By Jennifer Rizzo, with reporting from Pam Benson
Former CIA Director David Petraeus testified on Capitol Hill on Friday that the attack on the U.S. Consulate in Benghazi, Libya, was an act of terrorism committed by al Qaeda-linked militants.
That's according to Rep. Peter King (R-NY), who spoke to reporters after the closed hearing, which lasted an hour and 20 minutes.
The account Petraeus gave was different from the description the Obama administration gave on September 14, King said.
Then, the attack was described as "spontaneous," the result of a protest against an anti-Muslim film that got out of control outside the compound.
Petraeus told lawmakers Friday that he had discussed the possibility of it being a terrorist attack in his initial briefing in September, according to King.

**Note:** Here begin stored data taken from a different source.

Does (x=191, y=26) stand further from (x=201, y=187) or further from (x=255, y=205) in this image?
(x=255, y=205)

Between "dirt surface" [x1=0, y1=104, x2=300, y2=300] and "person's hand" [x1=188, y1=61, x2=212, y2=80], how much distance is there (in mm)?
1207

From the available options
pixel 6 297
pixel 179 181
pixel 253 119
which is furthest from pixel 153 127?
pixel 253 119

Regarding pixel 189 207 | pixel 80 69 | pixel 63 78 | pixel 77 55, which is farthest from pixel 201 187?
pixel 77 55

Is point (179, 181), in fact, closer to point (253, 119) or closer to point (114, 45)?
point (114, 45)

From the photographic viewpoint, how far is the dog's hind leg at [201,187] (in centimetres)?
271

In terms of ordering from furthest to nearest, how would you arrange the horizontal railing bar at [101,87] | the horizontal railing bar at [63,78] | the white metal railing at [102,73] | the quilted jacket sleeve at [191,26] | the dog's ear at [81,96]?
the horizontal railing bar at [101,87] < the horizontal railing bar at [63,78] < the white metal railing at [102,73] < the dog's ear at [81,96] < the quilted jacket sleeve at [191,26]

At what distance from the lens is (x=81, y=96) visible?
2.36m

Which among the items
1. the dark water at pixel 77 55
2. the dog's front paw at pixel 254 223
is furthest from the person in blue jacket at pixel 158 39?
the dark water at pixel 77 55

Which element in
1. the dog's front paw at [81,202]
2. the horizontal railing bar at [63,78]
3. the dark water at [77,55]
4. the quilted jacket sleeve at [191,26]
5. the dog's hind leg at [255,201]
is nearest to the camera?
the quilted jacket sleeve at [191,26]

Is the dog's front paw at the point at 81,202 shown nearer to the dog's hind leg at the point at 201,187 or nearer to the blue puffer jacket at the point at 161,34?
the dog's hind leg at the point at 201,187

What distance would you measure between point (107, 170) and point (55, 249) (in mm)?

"He had told us that this was a terrorist attack and there were terrorists involved from the start," King said. "I told him, my questions, I had a very different recollection of that (earlier account)," he said. "The clear impression we (lawmakers) were given was that the overwhelming amount of evidence was that it arose out of a spontaneous demonstration and it was not a terrorist attack."
The "spontaneous" adjective was "minimized" during Petraeus' testimony Friday, King said.
The cause of that discrepancy is unclear, King said.
Earlier an official said that Petraeus' aim in testifying was to clear up "a lot of misrepresentations of what he told Congress initially."
The former CIA director was expected to tell the congressional committees that he did develop unclassified talking points in the days after the attack but had had no direct involvement in developing the ones used by Susan Rice, the U.S. ambassador to the United Nations.
Rice has been under fire for suggesting the attack on the consulate was a spontaneous event spurred by a protest against the anti-Muslim film.
King said the original talking points were much more specific about the involvment of Al Qaeda.
"Final ones just said indications of extremists," King said. "It said indicate even though it was clearly evident to the CIA that there was Al Qaeda involvement."
Questions still remain over the development of the talking points.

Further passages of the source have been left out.